**Work request**
Pictures must not be copied, but every entry must be reproduced exactly.

Scraped caption text data:
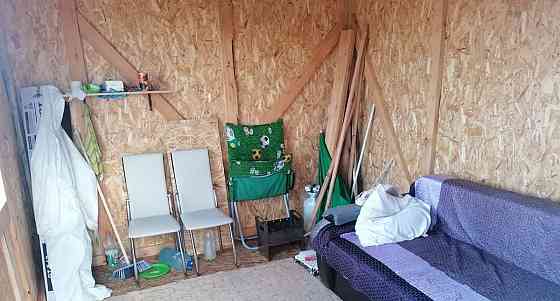 Земельный участок, 15 соток Красноярск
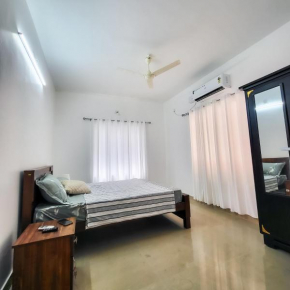 Santhimadom Villas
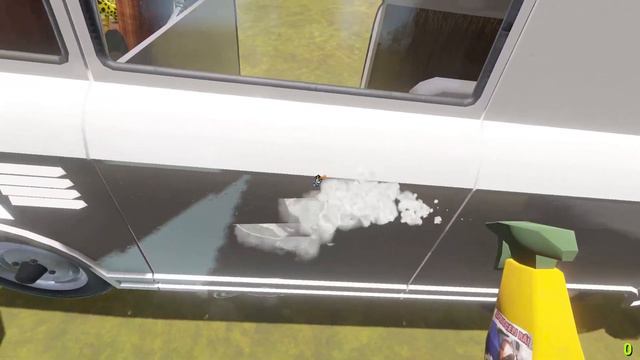 🚗 В никуда S03E07 - Дела гаражные \ The Long Drive смотреть онлайн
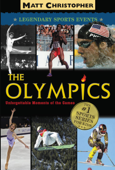 The Olympics - Matt Christopher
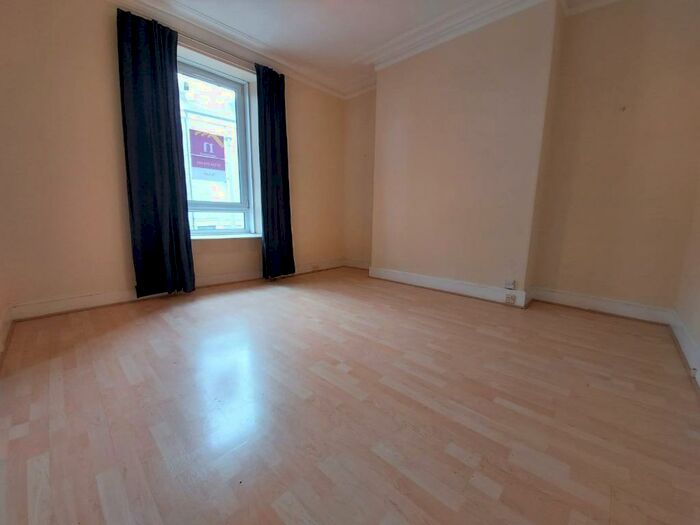 1 Bedroom Flat To Rent In Lamond Place, The City Centre, Aberdeen, AB25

**Expected answer**
 Земельный участок, 15 соток Красноярск
 Santhimadom Villas
 🚗 В никуда S03E07 - Дела гаражные \ The Long Drive смотреть онлайн
 The Olympics - Matt Christopher
 1 Bedroom Flat To Rent In Lamond Place, The City Centre, Aberdeen, AB25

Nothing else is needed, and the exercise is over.